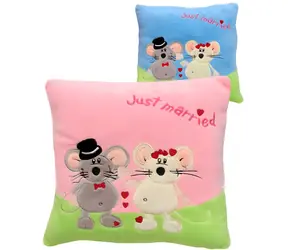 Plyšový vankúšik myšky Just Married 25x25 cm / Vankúš / Plyš / 2 farby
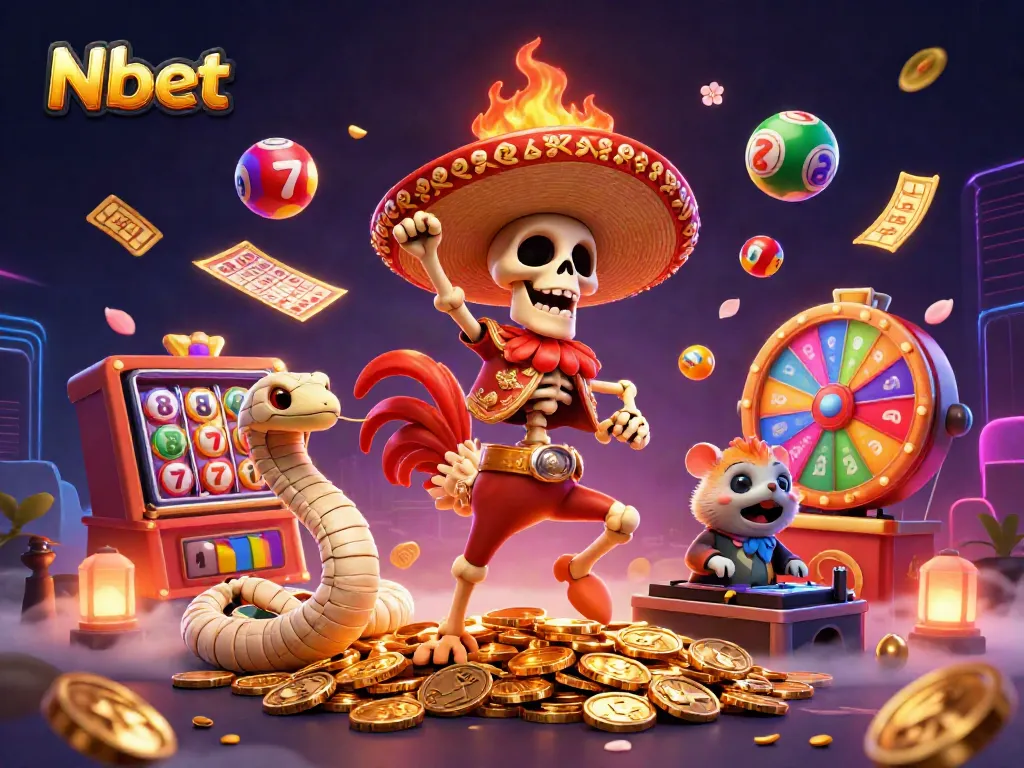 Nbet players experience thrilling wins with a lively casino scene featuring colorful elements, games, and vibrant characters.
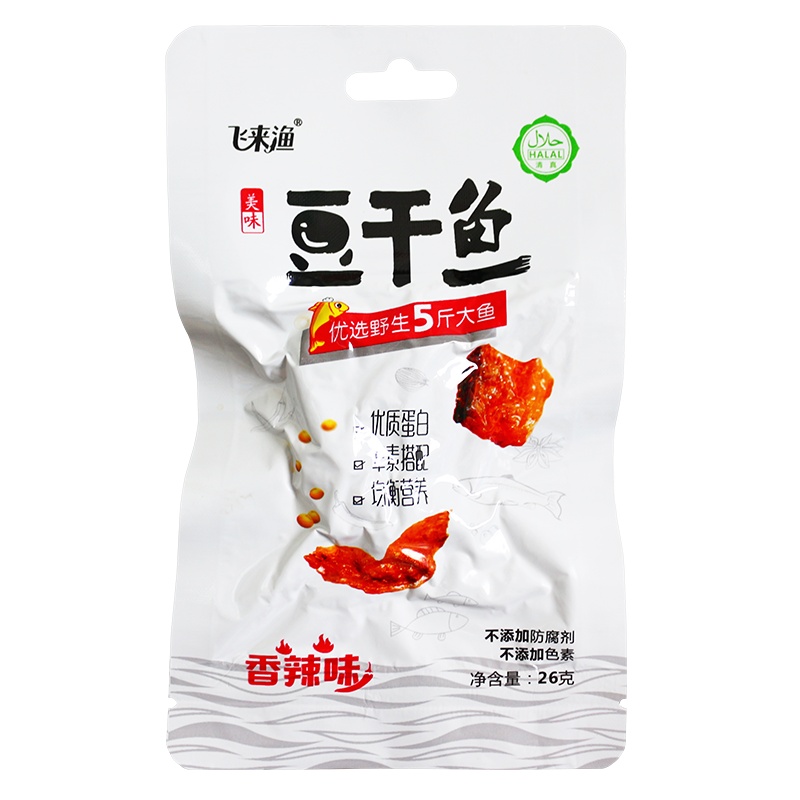 香辣豆干鱼肉块河南特产麻辣休闲零食香辣大鱼块鱼干小吃下饭菜26g*袋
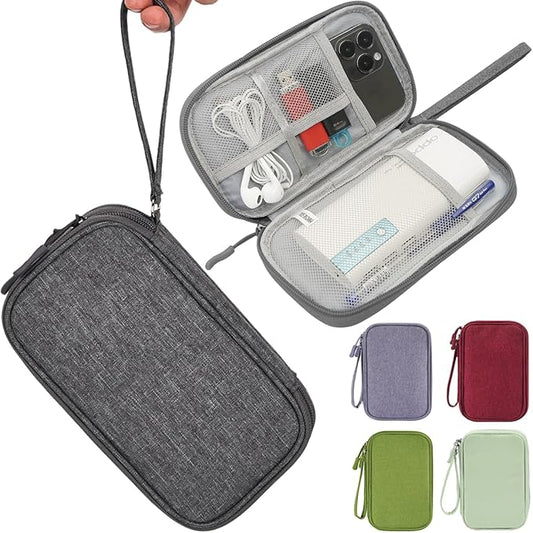 Electronic Organizer Travel USB Cable Accessories Case Bag, Waterproof Electronics Accessories Bag Organizer Case for USB, Cable, Cord, Charger, Phone, Power Bank, Earphone (Dark Gray)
:::::
**WHAT TO WORK ON**
Could you return the whole listing exactly, images excluded?

**SOLUTION BELOW**
 Plyšový vankúšik myšky Just Married 25x25 cm / Vankúš / Plyš / 2 farby
 Nbet players experience thrilling wins with a lively casino scene featuring colorful elements, games, and vibrant characters.
 香辣豆干鱼肉块河南特产麻辣休闲零食香辣大鱼块鱼干小吃下饭菜26g*袋
 Electronic Organizer Travel USB Cable Accessories Case Bag, Waterproof Electronics Accessories Bag Organizer Case for USB, Cable, Cord, Charger, Phone, Power Bank, Earphone (Dark Gray)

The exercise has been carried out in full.